Car Radin !, finalement, porte très bien son nom, tout au long de son heure et demi d'un néant relatif et mou dans le genre sur lequel il est vendu. Oh ! Un ou deux passages arrivent à arracher un sourire de manière extrêmement poussive. Mais le spectateur poussera plus souvent un soupir de dépit, tellement les passages les moins ratés, un tout petit peu plus vachards que la moyenne, sont systématiquement désamorcés pour ne pas dévier du gentil consensus que les producteurs se sont jurés sans doute de ne jamais transgresser. Dany Boon aurait pu être un personnage odieux, un peu comme la Tatie Danielle de Chatiliez. On aurait pu rire de lui et de ses travers. Mais non, Radin ! se sent obligé, comme 90% de la production comique actuelle, de faire emprunter à son personnage principal le chemin de la rédemption et de l'humaniser, voir de lui trouver des excuses. Même si cette rédemption bien moralisatrice est bâtie sur des mensonges. Pas grave après tout, le public avalera quand même la gougoutte. Comme si le rire féroce et méchant était devenu une tare, voire une honte de nos jours.

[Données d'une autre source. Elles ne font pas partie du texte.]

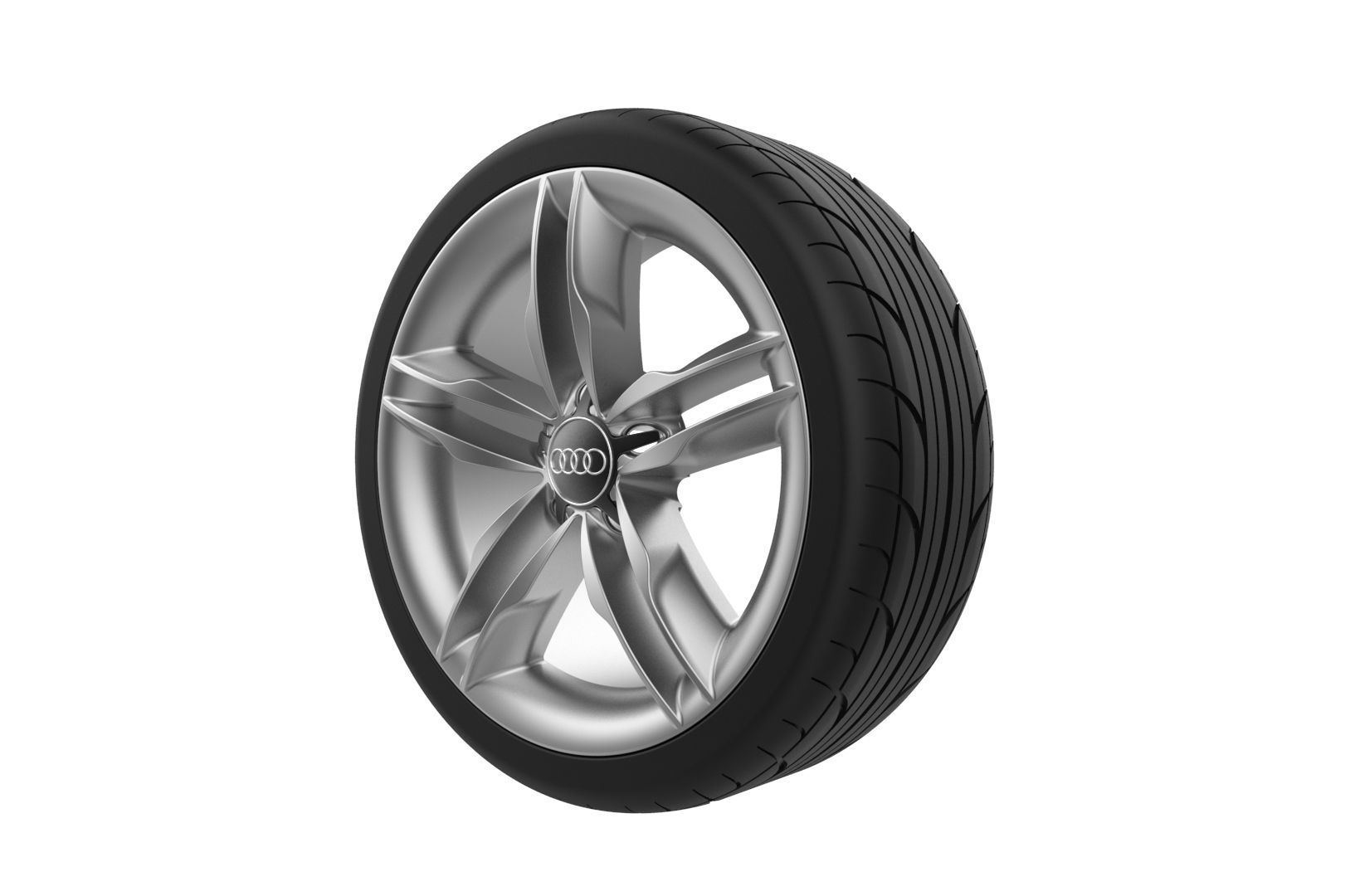 Audi Car Wheel Rim 3D print model_19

Radin ! sombre dès lors très vite dans le déjà vu, le tiédasse et l'invraisemblance la plus totale. Difficile d'avaler par exemple le fait que chaque manifestation de la radinerie de sa grosse pince ait une répercussion positive sur sa situation. Encore plus difficile à avaler ? Le coup de la fille en extase devant le père qui a largué sa mère, ou encore le love interest qui s'attache à un type tellement terne, veule et asocial, même s'il fournit prétexte aux apparitions de la ravissante Laurence Arné, rare rayon de soleil d'un film qui en manque terriblement. Il se paiera même le culot ultime de faire référence à la scène de la hache de Shining, dans une séquence d'abord exaltante qui retombera ensuite bien méchamment, les excès de Dany Boon étant mis, comme de bien entendu, sur le compte d'un rêve que l'on a vu venir de très loin. Absence de courage, d'audace, de prise de risques : Radin ! sera d'un pantouflard à pleurer, jusqu'au dénouement.

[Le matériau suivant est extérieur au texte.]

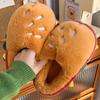 Pantofole di cotone di Amburgo inverno studente creativo peluche caldo coppia casa interno scarpe di cotone pantofole soffici fondo spesso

Quant à la fondation du film, la fibre radine de son personnage principal, elle ne sera exploitée que de manière timorée et déjà vu, faisant passer les astuces honteuses et les lamentables conseils des Harpagons et des pinces de tout poil du site Radins.com pour des sommets de drôlerie. Un comble.


En plus, le film est tellement peu sûr de son effet comique que le dernier quart d'heure s'engage dans un virage dramatico-lacrymal sorti de nulle part et crétin en forme de publicité Service Public pour le Téléthon. Youpi... De quoi signer l'enterrement première classe des qualités de cinéaste du pauvre Fred Cavayé, dont on se demande ce qu'il est venu faire dans cette galère ou s'il est encore en capacité de faire financer un quelconque projet de film de genre dont il a le secret.


Regarder Radin ! ne manquera pas non plus de remettre en perspective certaines autres oeuvres qui l'on devancés, ainsi que les mobiles qui ont procédé à sa production. S'il ne relève pas du cynisme honteux d'un Tuche 2, il pousse cependant à réévaluer à la hausse des produits imparfaits tels que, justement, Un Plan Parfait ou encore Eyjafjallajökull, parfois bêtes, parfois méchants, mais qui ne passaient pas à ce point à côté de leur sujet et assuraient un service à peu près minimum, ce dont le présent film ne pourra jamais se vanter.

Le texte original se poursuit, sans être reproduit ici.